Bangkok, capitale du «pays aux 1000 sourires», a offert pendant quelques heures des scènes de guérilla aux touristes étrangers, contraints de «déguerpir» d'un quartier pour échapper aux balles et aux gaz lacrymogènes.

Voitures brûlées, vitrines brisées... Khao San Road ne ressemblait guère, dimanche à l'aube, au quartier favori des routards et baba-cools du monde entier, venus y goûter la douceur thaïlandaise.

A un carrefour de ce quartier de restaurants et de maisons d'hôtes, véritable Mecque des touristes en Asie du sud-est, des bâtons d'encens et des roses rouges rendent hommage aux victimes des affrontements de la veille, qui ont fait 19 morts et plus de 800 blessés.

Tony Doohan, Irlandais de 25 ans, et ses amis y flânaient lorsqu'ils se sont brutalement «retrouvés en plein milieu» de la bataille samedi en fin d'après-midi. «Nous avons couru pour nous mettre à l'abri. Les balles volaient autour de nous. Et des engins incendiaires explosaient», témoigne-t-il.

Comme de nombreux touristes, il savait que la situation politique était tendue en Thaïlande. Mais sans imaginer qu'elle pourrait dégénérer dans ce pays de tradition bouddhiste.

Charlotte Stage, Danoise de 19 ans, avoue avoir «vraiment eu peur». «On nous avait dit que les touristes n'auraient pas de problème, qu'ils étaient trop importants car le tourisme est vital ici», explique-t-elle.

Mais les heurts se sont rapidement propagés dans la vieille ville, au fur et à mesure de l'offensive de l'armée pour déloger les «chemises rouges» qui réclament depuis un mois la démission du Premier ministre. Aux gaz lacrymogènes et aux tirs des soldats ont répondu les grenades, les engins incendiaires ou les barres de fer des «rouges» qui ont également utilisé des armes à feu, selon des témoins.

«Même si la situation n'est pas si mauvaise, nous allons partir ce soir. Beaucoup de touristes veulent aussi s'en aller», indique Charlotte Stage.

Le tourisme est capital pour le pays

Pour la Thaïlande, une réduction massive du nombre de touristes serait catastrophique.

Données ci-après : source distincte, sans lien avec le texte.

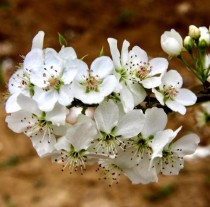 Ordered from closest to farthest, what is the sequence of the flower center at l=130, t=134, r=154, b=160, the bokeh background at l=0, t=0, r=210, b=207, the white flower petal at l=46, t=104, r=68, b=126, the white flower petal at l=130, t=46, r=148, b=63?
the white flower petal at l=46, t=104, r=68, b=126 < the flower center at l=130, t=134, r=154, b=160 < the white flower petal at l=130, t=46, r=148, b=63 < the bokeh background at l=0, t=0, r=210, b=207

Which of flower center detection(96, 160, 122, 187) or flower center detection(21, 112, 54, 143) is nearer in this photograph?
flower center detection(21, 112, 54, 143)

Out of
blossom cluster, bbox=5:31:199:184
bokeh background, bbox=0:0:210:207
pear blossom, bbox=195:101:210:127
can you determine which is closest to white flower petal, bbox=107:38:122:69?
blossom cluster, bbox=5:31:199:184

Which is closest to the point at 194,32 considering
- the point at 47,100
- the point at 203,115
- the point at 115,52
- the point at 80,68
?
the point at 115,52

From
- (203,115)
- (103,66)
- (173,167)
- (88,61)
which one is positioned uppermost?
(103,66)

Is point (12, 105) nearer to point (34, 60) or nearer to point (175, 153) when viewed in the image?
point (34, 60)

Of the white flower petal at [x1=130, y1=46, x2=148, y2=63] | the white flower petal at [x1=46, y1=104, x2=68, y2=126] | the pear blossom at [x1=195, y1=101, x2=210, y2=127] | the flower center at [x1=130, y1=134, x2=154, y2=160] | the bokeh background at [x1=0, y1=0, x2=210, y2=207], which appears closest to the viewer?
the white flower petal at [x1=46, y1=104, x2=68, y2=126]

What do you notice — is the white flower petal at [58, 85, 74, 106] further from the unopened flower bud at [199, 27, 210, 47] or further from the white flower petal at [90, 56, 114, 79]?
the unopened flower bud at [199, 27, 210, 47]

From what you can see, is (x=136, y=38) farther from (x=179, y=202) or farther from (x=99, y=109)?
(x=99, y=109)

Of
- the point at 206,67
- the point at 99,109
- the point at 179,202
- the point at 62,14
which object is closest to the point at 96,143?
the point at 99,109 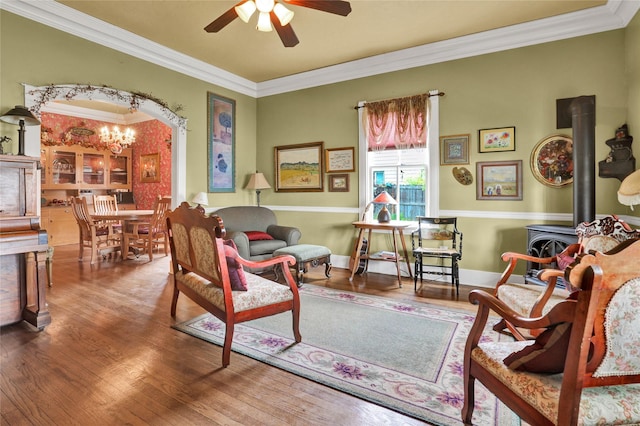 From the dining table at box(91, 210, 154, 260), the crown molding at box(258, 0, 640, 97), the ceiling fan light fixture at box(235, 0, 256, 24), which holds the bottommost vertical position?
the dining table at box(91, 210, 154, 260)

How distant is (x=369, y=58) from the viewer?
5.00m

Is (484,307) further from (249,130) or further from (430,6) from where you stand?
(249,130)

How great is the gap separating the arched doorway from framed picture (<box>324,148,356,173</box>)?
2233 millimetres

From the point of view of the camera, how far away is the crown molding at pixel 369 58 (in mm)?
3541

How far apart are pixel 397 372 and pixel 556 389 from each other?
1.16 m

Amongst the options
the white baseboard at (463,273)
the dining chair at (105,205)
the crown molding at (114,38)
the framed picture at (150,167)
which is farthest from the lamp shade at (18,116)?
the framed picture at (150,167)

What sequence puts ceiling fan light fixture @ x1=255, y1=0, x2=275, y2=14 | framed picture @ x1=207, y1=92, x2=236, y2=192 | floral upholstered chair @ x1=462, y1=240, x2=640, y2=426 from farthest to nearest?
framed picture @ x1=207, y1=92, x2=236, y2=192 → ceiling fan light fixture @ x1=255, y1=0, x2=275, y2=14 → floral upholstered chair @ x1=462, y1=240, x2=640, y2=426

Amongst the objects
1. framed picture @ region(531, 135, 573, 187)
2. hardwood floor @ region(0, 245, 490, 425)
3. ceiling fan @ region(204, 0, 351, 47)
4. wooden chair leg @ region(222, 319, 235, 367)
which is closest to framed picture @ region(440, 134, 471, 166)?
framed picture @ region(531, 135, 573, 187)

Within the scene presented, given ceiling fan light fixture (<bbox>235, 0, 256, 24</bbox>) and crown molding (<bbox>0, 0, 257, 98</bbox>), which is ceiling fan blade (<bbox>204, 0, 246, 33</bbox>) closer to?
ceiling fan light fixture (<bbox>235, 0, 256, 24</bbox>)

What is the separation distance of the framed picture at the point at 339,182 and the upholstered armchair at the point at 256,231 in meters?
0.97

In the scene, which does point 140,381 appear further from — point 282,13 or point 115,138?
point 115,138

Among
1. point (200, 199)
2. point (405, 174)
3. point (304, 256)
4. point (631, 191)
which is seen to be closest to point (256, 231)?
point (200, 199)

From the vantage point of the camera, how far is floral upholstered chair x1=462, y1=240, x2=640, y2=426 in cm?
111

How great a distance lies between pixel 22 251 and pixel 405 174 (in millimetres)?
4441
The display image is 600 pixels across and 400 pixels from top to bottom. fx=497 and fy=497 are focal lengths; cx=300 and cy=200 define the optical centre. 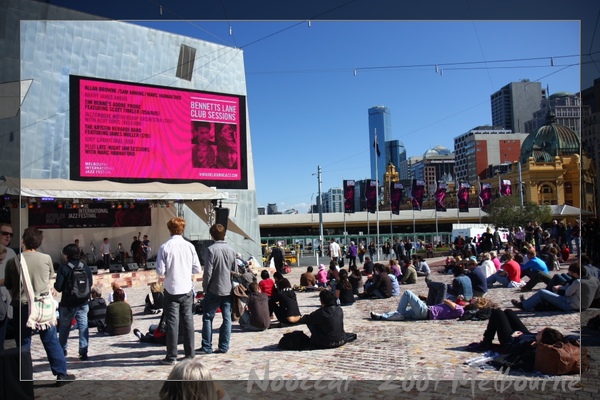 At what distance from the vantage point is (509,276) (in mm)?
11648

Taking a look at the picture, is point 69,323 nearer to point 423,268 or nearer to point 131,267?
point 131,267

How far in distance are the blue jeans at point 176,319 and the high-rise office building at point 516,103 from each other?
3750mm

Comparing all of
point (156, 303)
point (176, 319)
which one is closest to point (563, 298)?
point (176, 319)

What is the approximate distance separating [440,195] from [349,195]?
195cm

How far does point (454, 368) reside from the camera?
470cm

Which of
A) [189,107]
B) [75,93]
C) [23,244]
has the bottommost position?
[23,244]

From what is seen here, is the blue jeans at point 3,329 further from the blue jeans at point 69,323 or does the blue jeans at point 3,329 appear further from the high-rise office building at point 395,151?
the high-rise office building at point 395,151

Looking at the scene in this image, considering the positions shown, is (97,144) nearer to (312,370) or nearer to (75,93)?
(75,93)

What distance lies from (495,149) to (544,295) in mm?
3018

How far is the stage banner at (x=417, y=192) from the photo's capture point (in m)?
7.00

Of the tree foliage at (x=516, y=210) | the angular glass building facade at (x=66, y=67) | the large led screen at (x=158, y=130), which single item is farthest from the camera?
the large led screen at (x=158, y=130)

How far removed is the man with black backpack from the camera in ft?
17.4

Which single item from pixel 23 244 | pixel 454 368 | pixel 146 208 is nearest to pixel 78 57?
pixel 146 208

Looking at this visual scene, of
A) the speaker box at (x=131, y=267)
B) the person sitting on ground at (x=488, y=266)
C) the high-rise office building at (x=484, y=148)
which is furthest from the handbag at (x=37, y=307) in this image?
the speaker box at (x=131, y=267) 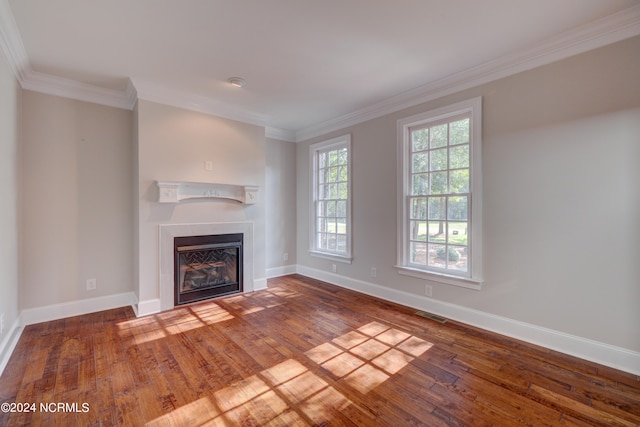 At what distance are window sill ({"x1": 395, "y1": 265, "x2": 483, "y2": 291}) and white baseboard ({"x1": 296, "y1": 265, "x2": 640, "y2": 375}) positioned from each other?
0.25 meters

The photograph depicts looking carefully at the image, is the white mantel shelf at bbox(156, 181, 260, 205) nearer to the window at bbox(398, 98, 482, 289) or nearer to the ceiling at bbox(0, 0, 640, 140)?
the ceiling at bbox(0, 0, 640, 140)

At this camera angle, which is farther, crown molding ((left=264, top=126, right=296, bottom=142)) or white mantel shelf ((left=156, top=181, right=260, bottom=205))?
crown molding ((left=264, top=126, right=296, bottom=142))

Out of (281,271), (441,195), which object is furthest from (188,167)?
(441,195)

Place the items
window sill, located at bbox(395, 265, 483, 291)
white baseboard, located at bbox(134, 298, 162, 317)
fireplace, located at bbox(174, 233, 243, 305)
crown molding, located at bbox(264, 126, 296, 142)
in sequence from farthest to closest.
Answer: crown molding, located at bbox(264, 126, 296, 142), fireplace, located at bbox(174, 233, 243, 305), white baseboard, located at bbox(134, 298, 162, 317), window sill, located at bbox(395, 265, 483, 291)

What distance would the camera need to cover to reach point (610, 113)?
231 centimetres

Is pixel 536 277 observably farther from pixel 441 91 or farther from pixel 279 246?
pixel 279 246

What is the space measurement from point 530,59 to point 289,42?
2239 mm

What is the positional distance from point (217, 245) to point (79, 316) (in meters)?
1.70

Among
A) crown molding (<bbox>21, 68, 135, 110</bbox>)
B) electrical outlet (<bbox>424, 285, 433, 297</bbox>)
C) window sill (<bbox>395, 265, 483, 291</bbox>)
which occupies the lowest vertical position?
electrical outlet (<bbox>424, 285, 433, 297</bbox>)

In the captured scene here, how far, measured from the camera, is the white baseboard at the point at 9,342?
2.30 meters

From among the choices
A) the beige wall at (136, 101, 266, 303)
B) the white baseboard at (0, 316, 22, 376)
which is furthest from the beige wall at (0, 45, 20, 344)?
the beige wall at (136, 101, 266, 303)

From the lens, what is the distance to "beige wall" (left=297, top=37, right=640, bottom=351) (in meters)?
2.25

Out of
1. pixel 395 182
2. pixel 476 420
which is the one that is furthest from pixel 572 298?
pixel 395 182

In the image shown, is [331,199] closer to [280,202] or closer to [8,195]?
[280,202] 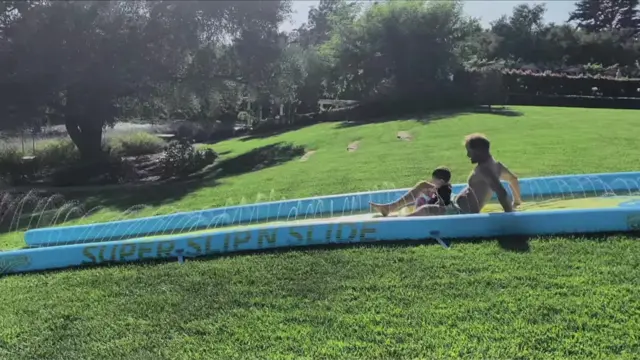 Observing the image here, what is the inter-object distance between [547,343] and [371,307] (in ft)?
4.46

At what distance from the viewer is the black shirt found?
683 centimetres

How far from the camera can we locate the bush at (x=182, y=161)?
64.7 ft

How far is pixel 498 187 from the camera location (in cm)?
622

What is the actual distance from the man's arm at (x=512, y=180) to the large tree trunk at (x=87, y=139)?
17.6 meters

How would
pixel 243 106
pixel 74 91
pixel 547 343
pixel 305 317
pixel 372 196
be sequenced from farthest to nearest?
pixel 243 106, pixel 74 91, pixel 372 196, pixel 305 317, pixel 547 343

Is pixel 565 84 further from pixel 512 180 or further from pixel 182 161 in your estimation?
pixel 512 180

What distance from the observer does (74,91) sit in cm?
1916

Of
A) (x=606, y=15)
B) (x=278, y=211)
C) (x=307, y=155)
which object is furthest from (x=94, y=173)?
(x=606, y=15)

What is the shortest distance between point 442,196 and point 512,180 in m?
0.80

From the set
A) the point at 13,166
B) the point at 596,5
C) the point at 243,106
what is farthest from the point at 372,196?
the point at 596,5

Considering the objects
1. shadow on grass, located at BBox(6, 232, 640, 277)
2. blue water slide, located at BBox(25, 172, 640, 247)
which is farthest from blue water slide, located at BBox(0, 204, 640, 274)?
blue water slide, located at BBox(25, 172, 640, 247)

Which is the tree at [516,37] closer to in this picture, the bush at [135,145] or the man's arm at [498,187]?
→ the bush at [135,145]

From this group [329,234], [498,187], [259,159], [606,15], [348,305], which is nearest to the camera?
[348,305]

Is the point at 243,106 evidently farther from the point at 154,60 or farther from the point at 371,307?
the point at 371,307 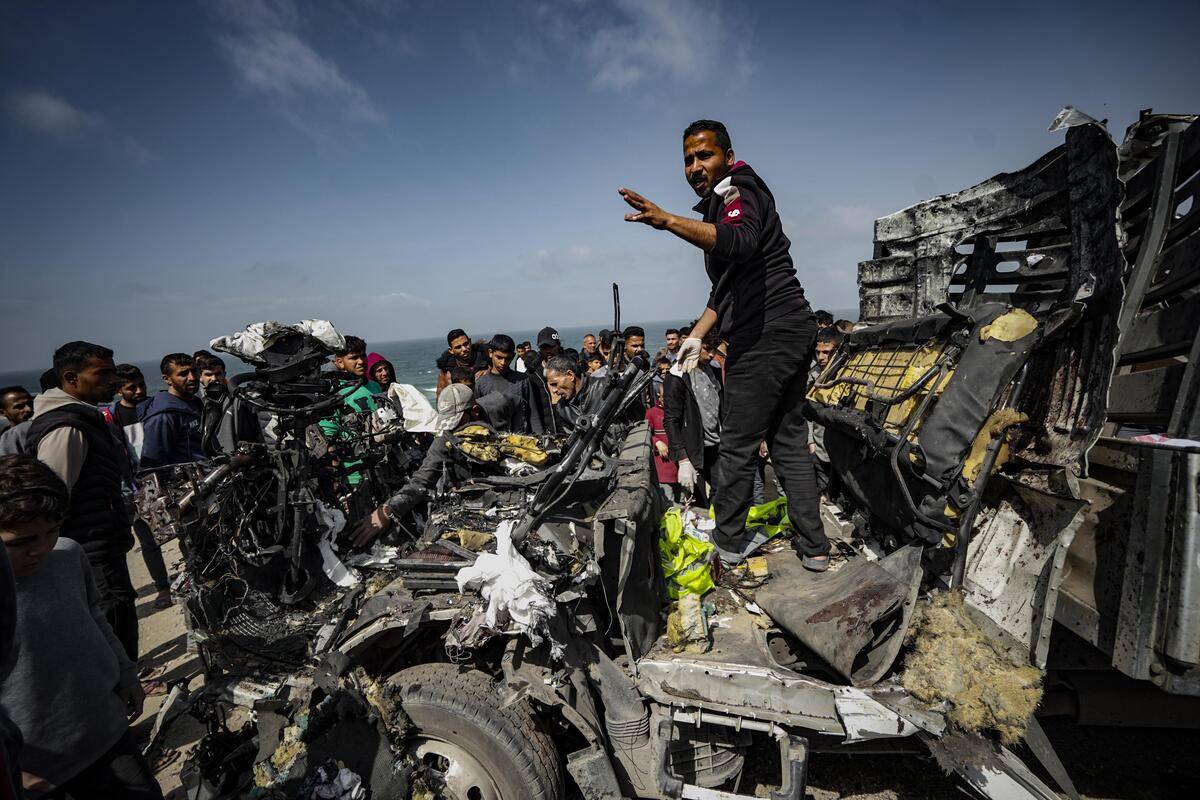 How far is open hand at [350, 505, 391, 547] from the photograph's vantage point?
151 inches

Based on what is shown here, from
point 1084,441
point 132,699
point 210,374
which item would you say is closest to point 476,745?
point 132,699

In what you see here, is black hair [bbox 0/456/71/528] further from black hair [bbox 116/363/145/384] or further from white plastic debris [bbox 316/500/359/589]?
black hair [bbox 116/363/145/384]

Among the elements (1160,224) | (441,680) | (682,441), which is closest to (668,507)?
(682,441)

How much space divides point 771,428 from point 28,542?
12.3ft

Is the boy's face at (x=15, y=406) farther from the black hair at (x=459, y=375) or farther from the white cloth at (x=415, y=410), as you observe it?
the black hair at (x=459, y=375)

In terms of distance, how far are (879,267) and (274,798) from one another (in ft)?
18.1

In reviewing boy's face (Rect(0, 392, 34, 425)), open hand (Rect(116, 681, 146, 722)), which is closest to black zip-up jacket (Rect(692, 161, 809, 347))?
open hand (Rect(116, 681, 146, 722))

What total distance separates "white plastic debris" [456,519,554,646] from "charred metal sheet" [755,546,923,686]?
126 centimetres

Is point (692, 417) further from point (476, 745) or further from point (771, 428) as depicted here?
point (476, 745)

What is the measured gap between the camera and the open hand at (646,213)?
2135mm

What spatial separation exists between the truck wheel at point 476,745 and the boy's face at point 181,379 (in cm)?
528

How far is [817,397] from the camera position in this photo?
422 cm

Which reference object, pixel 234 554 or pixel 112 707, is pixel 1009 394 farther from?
pixel 234 554

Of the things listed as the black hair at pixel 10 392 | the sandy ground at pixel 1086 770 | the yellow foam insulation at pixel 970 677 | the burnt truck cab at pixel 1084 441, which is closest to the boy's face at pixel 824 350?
the burnt truck cab at pixel 1084 441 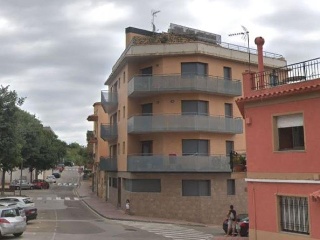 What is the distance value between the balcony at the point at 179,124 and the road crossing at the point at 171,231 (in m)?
7.30

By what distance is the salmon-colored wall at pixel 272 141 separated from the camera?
1514cm

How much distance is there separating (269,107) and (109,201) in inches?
1172

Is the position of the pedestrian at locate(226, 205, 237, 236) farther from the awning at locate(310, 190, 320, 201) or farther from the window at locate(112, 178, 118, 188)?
the window at locate(112, 178, 118, 188)

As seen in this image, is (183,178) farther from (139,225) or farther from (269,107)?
(269,107)

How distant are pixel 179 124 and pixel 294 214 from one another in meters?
16.9

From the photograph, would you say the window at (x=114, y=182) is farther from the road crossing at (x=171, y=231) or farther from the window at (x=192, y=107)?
the window at (x=192, y=107)

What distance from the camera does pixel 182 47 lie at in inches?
1310

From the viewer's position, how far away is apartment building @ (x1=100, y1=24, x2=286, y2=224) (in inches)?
1256

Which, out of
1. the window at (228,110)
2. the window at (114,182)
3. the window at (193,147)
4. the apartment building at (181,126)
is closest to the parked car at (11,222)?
the apartment building at (181,126)

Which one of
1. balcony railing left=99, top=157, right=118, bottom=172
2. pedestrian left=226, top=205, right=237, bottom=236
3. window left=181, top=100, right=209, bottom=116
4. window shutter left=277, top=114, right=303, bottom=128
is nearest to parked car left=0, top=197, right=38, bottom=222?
balcony railing left=99, top=157, right=118, bottom=172

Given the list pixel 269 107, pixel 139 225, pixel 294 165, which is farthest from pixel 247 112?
pixel 139 225

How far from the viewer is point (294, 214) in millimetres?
15906

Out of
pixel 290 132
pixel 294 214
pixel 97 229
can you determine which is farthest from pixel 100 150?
pixel 294 214

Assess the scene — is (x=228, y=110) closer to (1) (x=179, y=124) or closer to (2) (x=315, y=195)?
(1) (x=179, y=124)
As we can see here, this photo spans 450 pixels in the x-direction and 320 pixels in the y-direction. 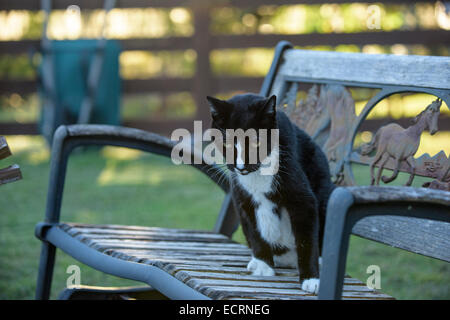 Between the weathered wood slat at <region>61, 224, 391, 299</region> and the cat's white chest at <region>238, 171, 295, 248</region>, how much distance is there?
97 mm

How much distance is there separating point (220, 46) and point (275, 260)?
448cm

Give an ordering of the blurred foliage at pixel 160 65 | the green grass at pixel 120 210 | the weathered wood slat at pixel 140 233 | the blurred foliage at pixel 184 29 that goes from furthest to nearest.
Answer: the blurred foliage at pixel 160 65 < the blurred foliage at pixel 184 29 < the green grass at pixel 120 210 < the weathered wood slat at pixel 140 233

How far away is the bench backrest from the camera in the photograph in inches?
61.7

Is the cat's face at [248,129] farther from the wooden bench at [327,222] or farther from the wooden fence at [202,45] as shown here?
the wooden fence at [202,45]

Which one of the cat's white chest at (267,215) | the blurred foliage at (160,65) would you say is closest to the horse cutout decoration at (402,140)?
the cat's white chest at (267,215)

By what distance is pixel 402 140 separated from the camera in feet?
5.56

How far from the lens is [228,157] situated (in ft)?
5.39

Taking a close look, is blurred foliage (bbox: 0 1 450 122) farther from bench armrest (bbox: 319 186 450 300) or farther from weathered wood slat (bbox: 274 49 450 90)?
bench armrest (bbox: 319 186 450 300)

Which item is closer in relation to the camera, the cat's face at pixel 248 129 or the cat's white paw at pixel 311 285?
the cat's white paw at pixel 311 285

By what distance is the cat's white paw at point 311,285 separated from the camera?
4.78ft

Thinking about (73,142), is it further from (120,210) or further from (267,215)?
(120,210)

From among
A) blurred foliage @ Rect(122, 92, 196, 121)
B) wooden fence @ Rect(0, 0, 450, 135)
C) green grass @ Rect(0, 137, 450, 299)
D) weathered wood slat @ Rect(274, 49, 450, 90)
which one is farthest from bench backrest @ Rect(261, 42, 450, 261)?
blurred foliage @ Rect(122, 92, 196, 121)

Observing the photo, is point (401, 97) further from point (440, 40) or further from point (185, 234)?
point (185, 234)

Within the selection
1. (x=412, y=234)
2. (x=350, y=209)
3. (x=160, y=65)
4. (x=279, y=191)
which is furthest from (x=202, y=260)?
(x=160, y=65) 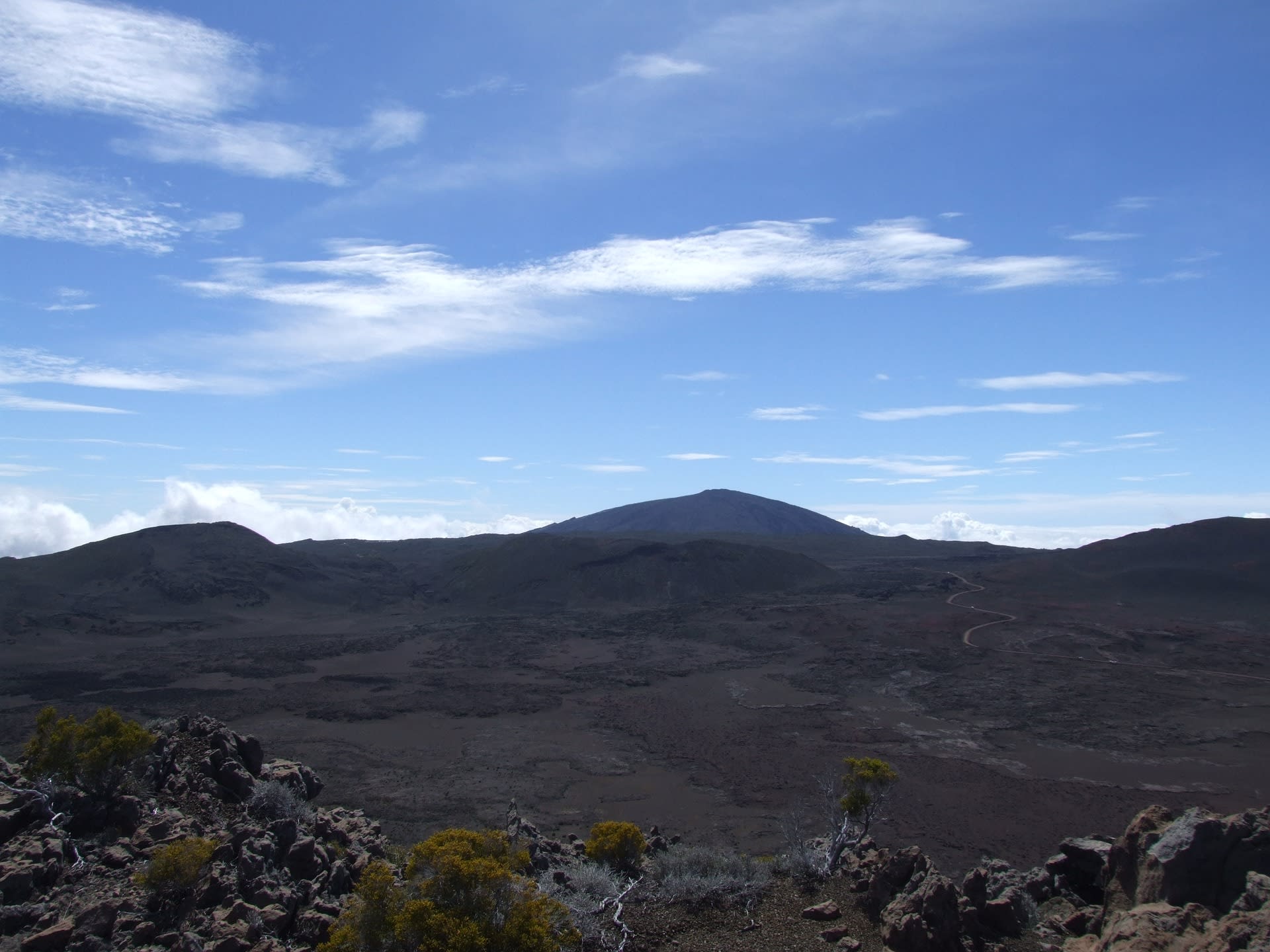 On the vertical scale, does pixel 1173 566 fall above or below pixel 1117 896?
above

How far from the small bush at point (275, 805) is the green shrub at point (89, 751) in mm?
1969

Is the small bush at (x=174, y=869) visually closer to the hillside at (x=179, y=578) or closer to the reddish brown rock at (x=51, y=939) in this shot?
the reddish brown rock at (x=51, y=939)

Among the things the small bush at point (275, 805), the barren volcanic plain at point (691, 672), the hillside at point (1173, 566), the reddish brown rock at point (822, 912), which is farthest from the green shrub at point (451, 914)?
the hillside at point (1173, 566)

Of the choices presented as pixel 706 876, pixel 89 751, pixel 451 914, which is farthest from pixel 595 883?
pixel 89 751

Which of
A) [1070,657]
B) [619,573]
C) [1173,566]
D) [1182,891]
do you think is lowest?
[1070,657]

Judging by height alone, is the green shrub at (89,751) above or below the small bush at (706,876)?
above

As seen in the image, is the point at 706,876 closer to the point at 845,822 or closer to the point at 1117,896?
the point at 845,822

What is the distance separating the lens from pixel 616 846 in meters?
13.8

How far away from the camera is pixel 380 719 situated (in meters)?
31.9

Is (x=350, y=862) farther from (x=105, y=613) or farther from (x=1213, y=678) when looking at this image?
A: (x=105, y=613)

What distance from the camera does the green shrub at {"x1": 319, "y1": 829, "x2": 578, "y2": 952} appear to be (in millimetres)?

«Plus de deux millions de Thaïlandais travaillent dans l'hôtellerie, les salons de massage, les locations de voiture, les restaurants...», selon Charoen Wangananont, président de l'Association des agents de voyage.

«Ces dernières années, ces gens et l'industrie toute entière ont durement souffert» des crises politiques à répétition qui ont terni l'image construite au fil des décennies auprès de la clientèle occidentale et asiatique.

De nombreux pays déconseillent depuis quelques semaines les voyages en Thaïlande. Le gouvernement de Hong Kong a même levé samedi son niveau d'alerte à «noir», le plus haut, qui signifie que la sécurité des voyageurs est «sérieusement menacée» à Bangkok.

La vie était cependant revenue à la normale dimanche dans l'immense capitale. Appareils photo en bandoulière, des touristes déambulaient sans appréhension dans le quartier commercial occupé par des milliers de «chemises rouges» qui leur proposaient des «souvenirs de lutte», a constaté un journaliste de l'AFP.

Mais les visiteurs qui séjourneront dans les prochains jours à Bangkok seront privés d'une des principales festivités annuelles, le nouvel an bouddhiste, ou «Songkran». La municipalité a décidé d'annuler toutes les cérémonies officielles.